A journalist tries to draw her out, get her attention, invites her to a party.
A text is answered by a cop who arrives with a note and a car.
Bang bang… Two worlds collide.
This opening sequence of events is an exciting forewarning that whips up high expectations. And for a while SAPF is engaging. The characters have layers, they feel real and are inhabited with warmth and confidence by skilled actors.
The problem is that the film’s plotting is sparse, and the direction confused.
Sandeep Aur Pinky Faraar is a road film that doesn’t want to be a road film. It doesn’t want to go in the usual direction of, “and then they fell in love”. That’s a welcome though, a noble enterprise! Problem is that SAPF doesn’t know what else to do.
So while it takes the same road, and en route picks items from the buffet of events common to almost all road films — two strangers face threat, are forced to escape together, have arguments, reconcile because of fear of discovery, meet creepy and non-creepy people, suffer at least one assault or attempted rape, bad people get closer, tense climatic escape and, finally, ishk, ishk— it just does it all slowly.
It also replaces melodrama with an immersive dekho around. Instead of giving us maudlin moments and mohabbatain, SAPF keeps a straight face, is often sullen, and prefers to gaze at trees and stuff.
As I said, there’s nothing to dislike about Sandeep Aur Pinky Faraar. It’s a decent film, but it promises more than it eventually delivers.
Satinder Dahiya urf Pinky (Arjun Kapoor) is a suspended cop, and Sandeep Walia urf Sandy (Parineeti Chopra) is a top honcho at Parivartan Bank. They are thrown together because of a massive bank scam around a government scheme that has the power to bring down the bank, and maybe the government as well.
Pinky thinks he’s just running a chore, doing his former boss a favour till he realises his irrelevancce and their trechery. She takes a while to figure what is going on.

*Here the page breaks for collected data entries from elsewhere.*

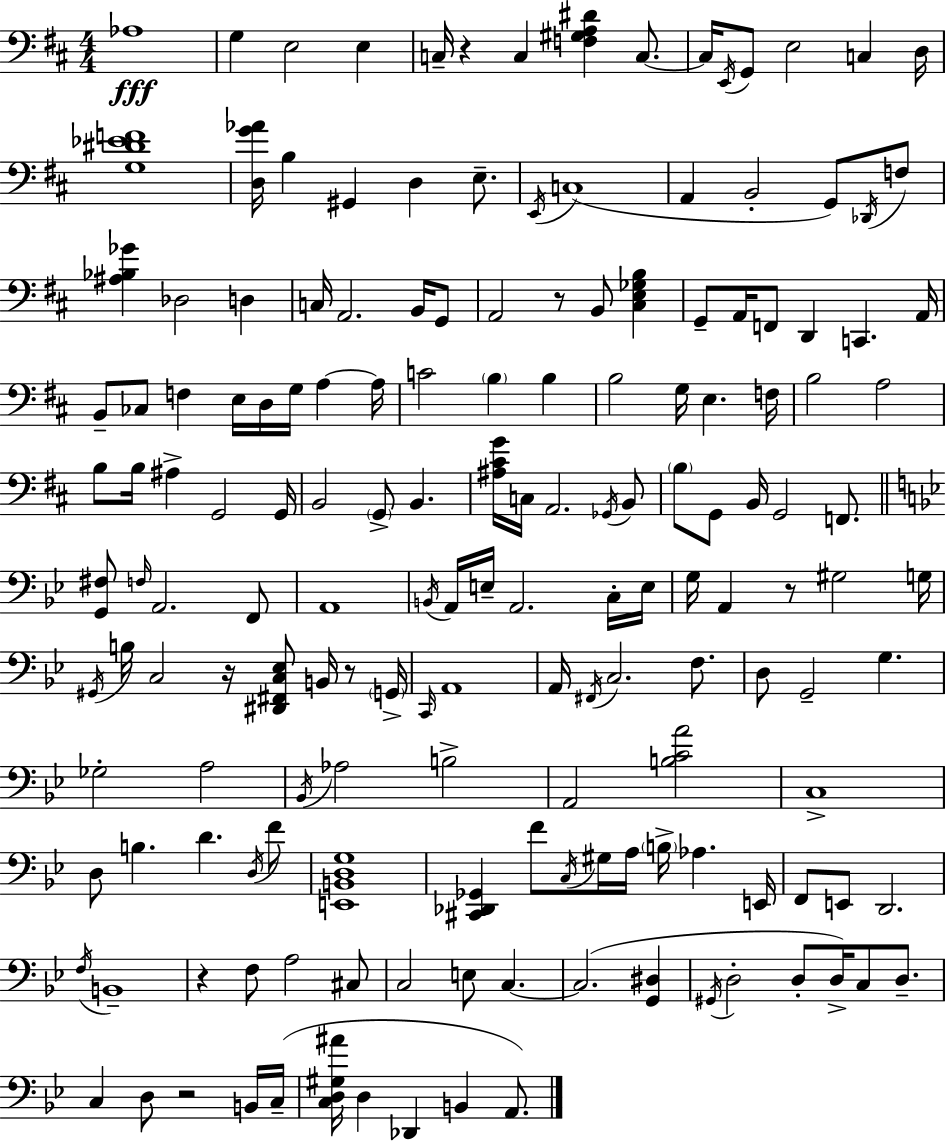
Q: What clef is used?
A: bass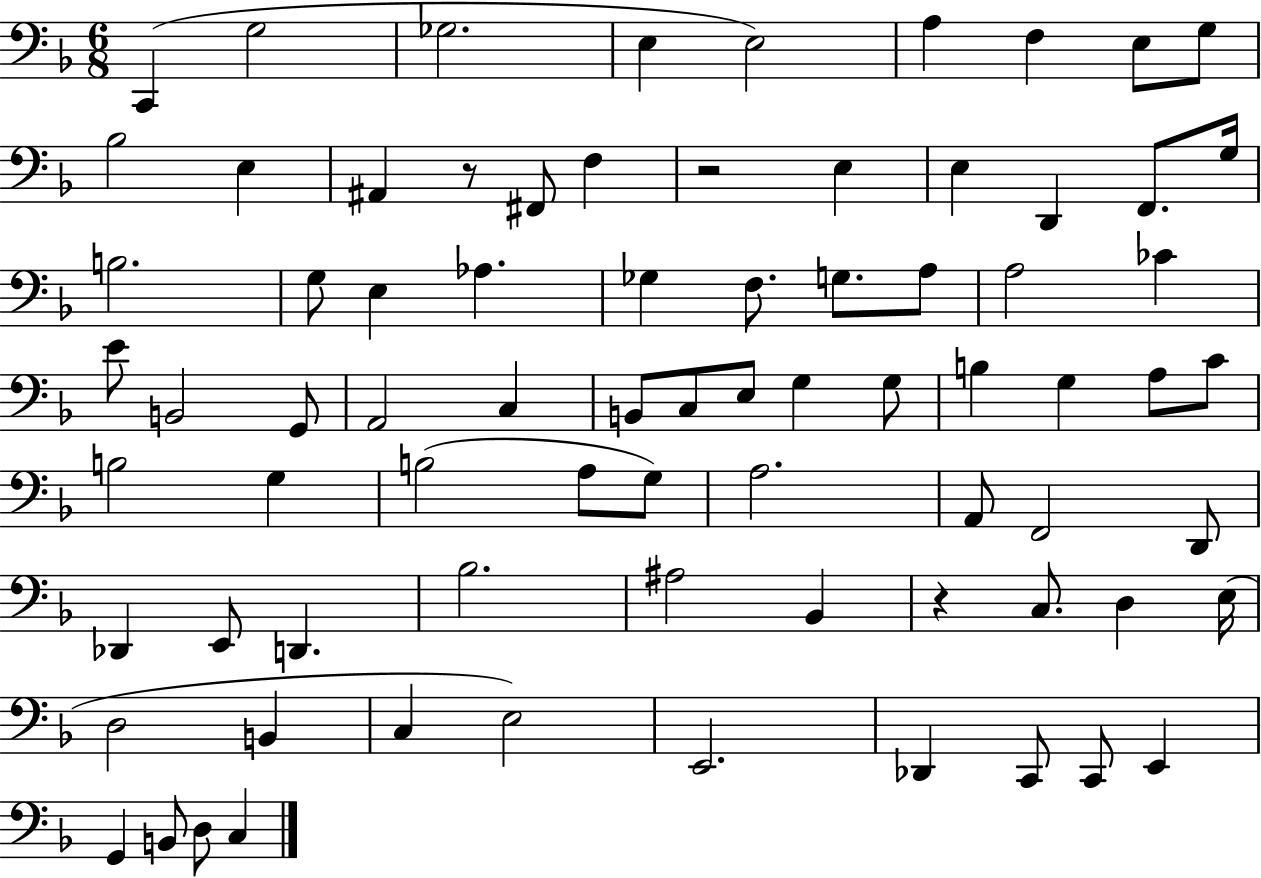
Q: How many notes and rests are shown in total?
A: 77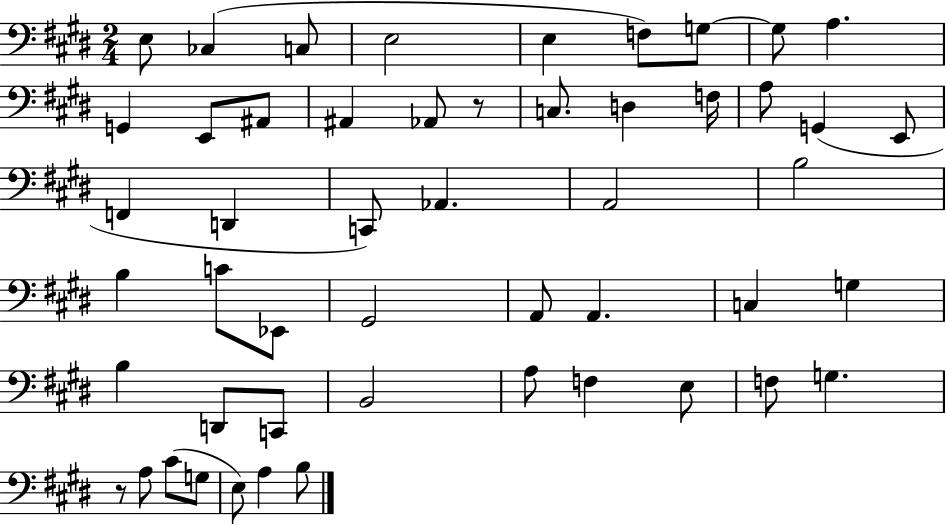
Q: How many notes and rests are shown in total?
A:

Desperate to survive, they head to Pithoragarh to cross over to Nepal. And this journey they undertake together highlights the difference between the two and the worlds they come from.

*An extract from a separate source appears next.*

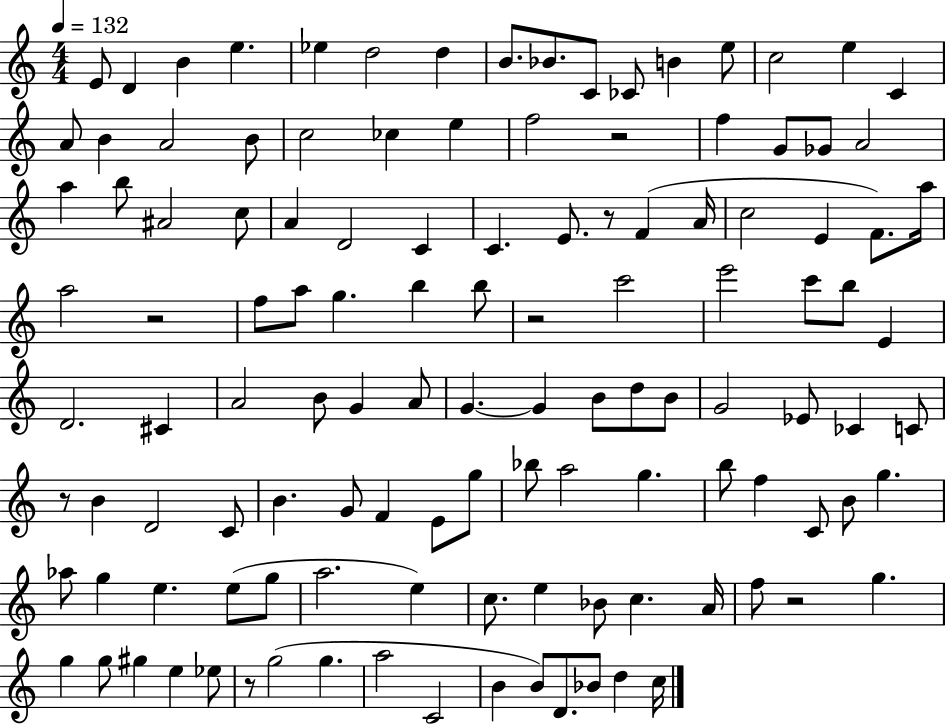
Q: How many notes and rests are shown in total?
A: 121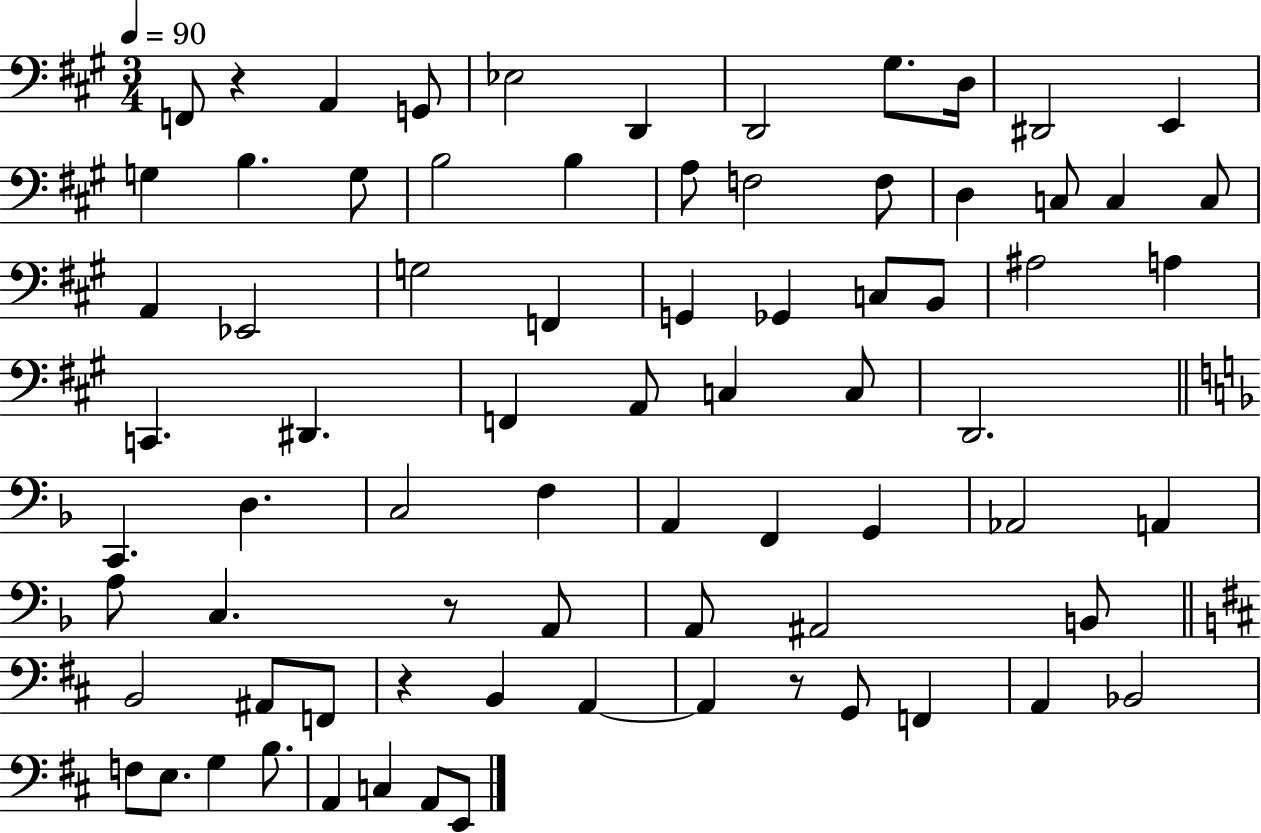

Sandy has money and Pinky understands how this strange, devious world works. She carries a Rs 2 lakh bag and he is helping her for Rs 10 lakh.
In Pithoragarh, Uncle (Raghuvir Yadav) and Aunty (Neena Gupta) and a shopkeeper father-son duo add some recuperative Uttarakhandi flavour to the film. There are also some cute moments around roti and achar when Pinky and Sandeep are forced to play house-house. But then…

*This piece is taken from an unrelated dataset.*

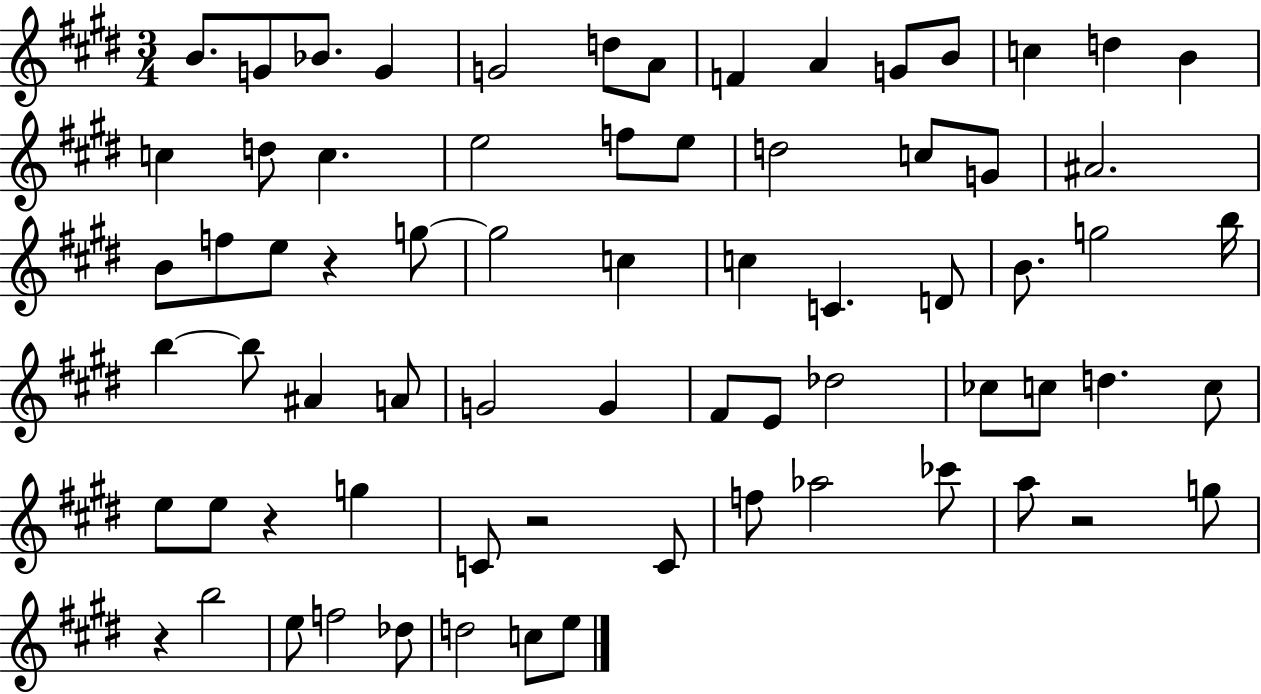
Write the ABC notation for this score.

Dibakar Banerjee is a fabulous director and he does small town India very well. He is also very political.
Here too what’s quite nice is that Dibakar and Varun make the girl rich, independent and someone who doesn’t think much about sleeping with her boss. “I’m not some local chamiya,” Sandy says to Pinky. And then there is Swabhiman scheme, Parivartan bank and a cop for us to read stuff into.
Shopkeepr’s son Munna with his blonde mohawk hairdo, Uncle and Aunty who are forever quibbling, try to anchor the film. But SAPF wants to meander in Pithoragarh, instead it goes adrift.
There’s a dance at an engagement party, fighting off a creepy bank officer, and then a man dresses as a woman and dances in a baraat. In between are moments of dull nothingness.
What works for Sandeep Aur Pinky Faraar are its actors. All of them are very good though some of them are also playing the same roles we have seen them play before. Jaideep Ahlawat is a cop (Pataal Lok), Neena Gupta-Raghubir Yadav are husband wife (Panchayat), and Arjun Kapoor-Parineeti Chopra have been a thing since Ishaqzaade. She slapped him then, and she slaps him here.
Having said that, both Arjun Kapoor and Parineeti Chopra are quite good. He more than her.
Watch SAPF, but don’t expect big thrills and high jinx. Expect some sweet moments and some pointless, dull meandering.